The arrival of an unexpected lump sum would see Sydney residents favour structured investment products versus the insurance products preferred by residents of Asian cities. How prepared are your clients for a sudden windfall?

We often hear advice about saving and investing for rainy days. The message is essentially about avoiding poverty. Yet we seldom hear advice on preparing for sudden good fortune, such as receiving a surprise inheritance or winning the lottery.

Part of the reason is because these tend to happen more in movies and dramas than in real life. History, however, has no shortage of stories concerning lottery winners who squandered their fortune within a few years, ended up back at square one or even going bankrupt.

It seems, therefore, that staying rich is perhaps just as challenging as becoming rich, especially when we become rich overnight. So it is interesting to know just how ready people are for staying wealthy if luck knocks on the door.

Setting up the question

Fidelity questioned 500 respondents in each of the following 10 cities: Beijing, Hong Kong, Mumbai, New Delhi, Seoul, Shanghai, Singapore, Sydney, Taipei and Tokyo. The respondents were selected randomly and aged between 21 and 55.
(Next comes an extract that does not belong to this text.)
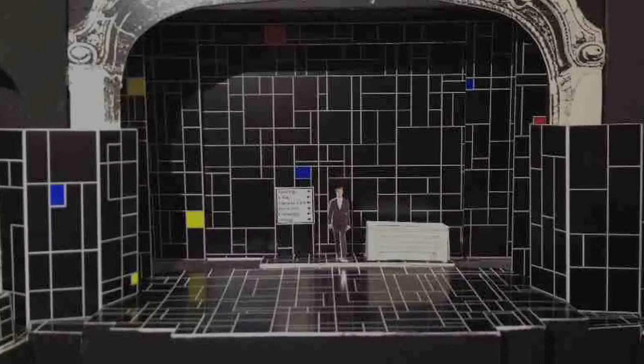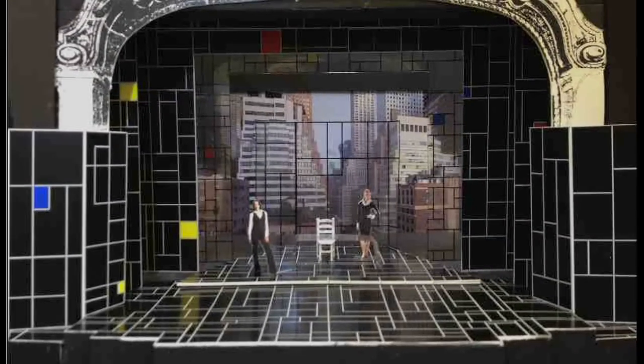Marsha and I came up with this idea of pieces that kind of glide on and glide off as we go from one location to another. Someone said there are like 26 different locations in the play, which seems crazy, because we just kind of go there effortlessly.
They came from all income groups and the numbers were balanced across gender.

For every city we posed a theoretical question: if you suddenly receive a lump sum of money, what would you do?
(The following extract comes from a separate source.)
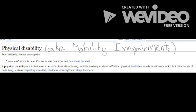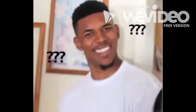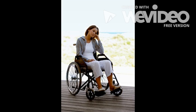According to Wikipedia, a physical disability is a limitation on a person's physical function, mobility, dexterity, or stamina. We know you don't really understand everything, so we're going to explain everything in better simplicity.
To produce a similar impact for every city with this lump sum, we set the amount at roughly 20 to 25 times the city’s annual median salary. How did we choose this multiplier? We were interested in seeing what decisions people would make on receiving an amount of money that, although substantial, was not enough for them to retire.
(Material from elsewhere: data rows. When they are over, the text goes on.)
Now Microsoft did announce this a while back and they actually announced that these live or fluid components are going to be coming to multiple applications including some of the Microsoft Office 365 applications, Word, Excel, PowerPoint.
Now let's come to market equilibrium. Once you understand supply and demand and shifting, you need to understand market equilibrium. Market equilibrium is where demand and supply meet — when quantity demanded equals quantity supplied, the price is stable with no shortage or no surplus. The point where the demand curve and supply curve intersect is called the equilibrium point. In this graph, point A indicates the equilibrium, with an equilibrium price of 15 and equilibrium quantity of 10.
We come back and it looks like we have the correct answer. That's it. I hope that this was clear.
So in Beijing and Shanghai, for example, the amount in question was 5 million renminbi. In Singapore, it was 1 million Singaporean dollars. In Sydney, the amount was 1 million Australian dollars, while in Hong Kong it was 5 million Hong Kong dollars. In Taipei, the sum was 15 million New Taiwan dollars. In Seoul, the amount was 1 trillion Korean won and in Tokyo it was 150 million yen. The amount for New Delhi and Mumbai was 3 million rupees.

It’s all about options

We then listed a number of investment options for people to choose from to manage the windfalls. For the average person, the obvious use of that money would perhaps be to buy a new home or pay down their existing mortgage. But because this option was so obvious, we excluded it from the list. It is simply not very informative in terms of telling us the level of thinking and knowledge among the general population.
We wished to know how people would manage that money as a portfolio and gauge their ability to stay financially sound, if not rich. Our choices instead consisted of the following: cash, foreign currency, insurance products, stocks/ bonds/derivatives, funds, structured investment products and hedge funds. We also allowed respondents to choose “other” and specify what that would be.

Some very interesting patterns emerged. Firstly, very few people – less than 1 per cent – chose paying down their mortgages or buying a house as the “other” option. Perhaps this reflected inertia towards filling out a blank box or perhaps respondents understood that we were testing for money management skills or perhaps people simply needed more time to think matters through and decide.

Secondly, regardless of the country and city, cash was the most popular choice. Across Asia, people opted to put anywhere from 30 per cent to 58 per cent of the theoretical windfall into cash. These are high percentages, suggesting that most Asians are either very conservative or, again, were unclear about how to manage sudden wealth. It may also suggest that respondents simply wished to spend a chunk of that money.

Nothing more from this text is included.